Of the options the Amazon/ex-Lovefilm is by far the worst, because its user interface is fairly poor (this may be down to the Sony Blu-ray player: we haven't tried it on a computer yet). But even so it's yet more stuff to watch at no extra charge. (Admittedly you have to be an Amazon Prime member, but we are.) I can honestly say, it's delightful having so much material instantly accessible, meaning that you can easily avoid Ant and Dec or any other primetime rubbish that is put out by the main channels, while still picking up the good stuff (like the new series of Silk, just started).
I suspect to the youth of today there's nothing remarkable about streaming TV over the internet, but I still get a frisson of excitement that I can get such high quality video and sound, on demand 24/7. And on the whole, with the occasional glitch, it just works.

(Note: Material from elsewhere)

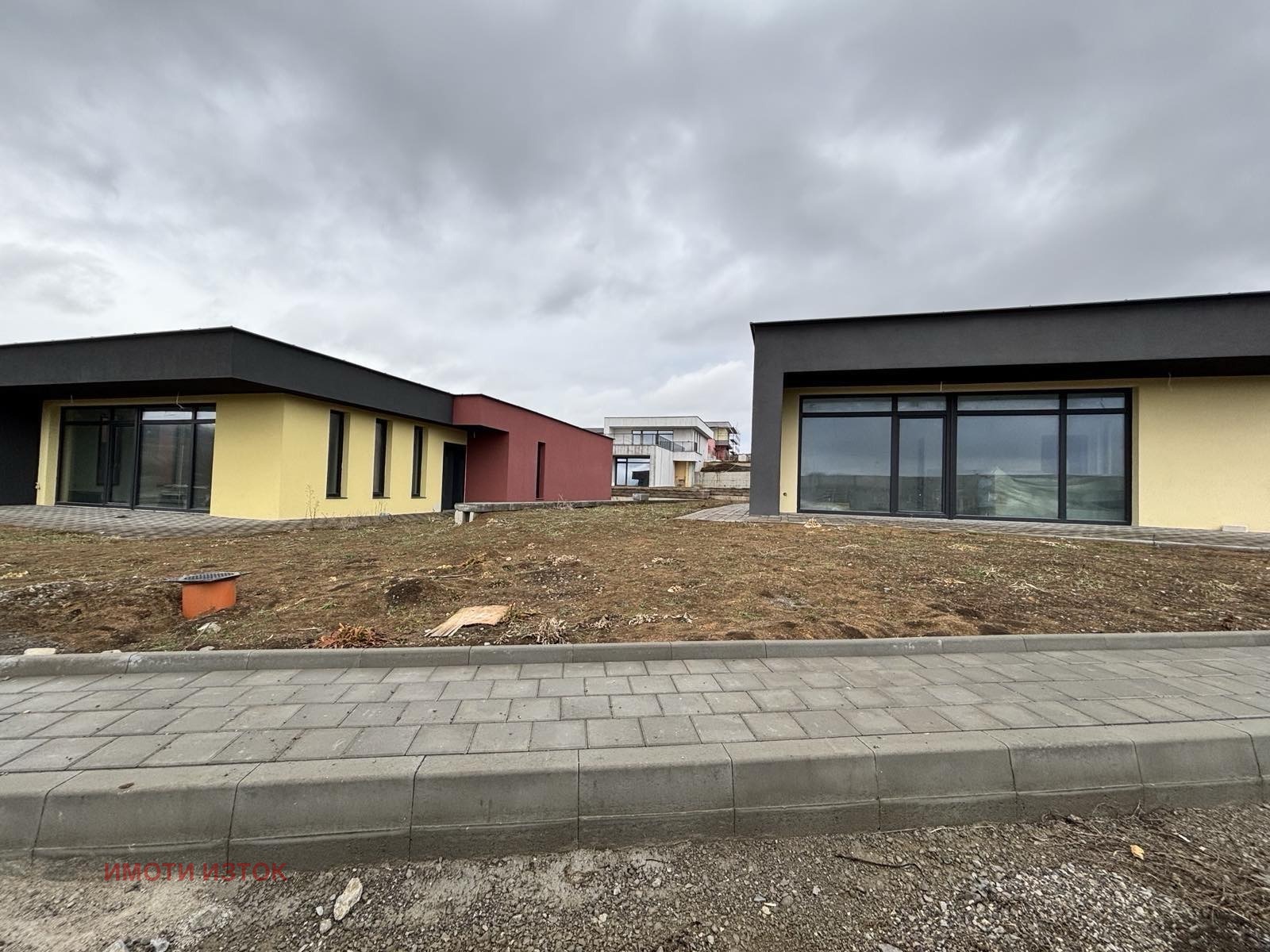 Продава КЪЩА, гр. Перник, Радина чешма, снимка 2 - Къщи - 55589220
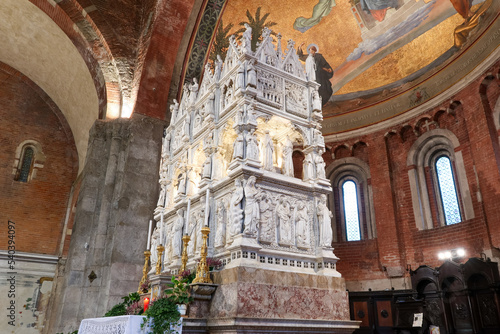 Pavia basilica di San Pietro in Ciel d'Oro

The fascinating thing is that TV has gone through a bigger revolution than the e-book entering the publishing market, yet at the moment the traditional channels seem to be thriving. Profits are up at ITV, for instance. It could be because there are so many households that do still watch stuff as it comes through the aerial or the Sky box without practically everything being time shifted or streamed. So it could be a case of dead service walking. But these are certainly interesting times.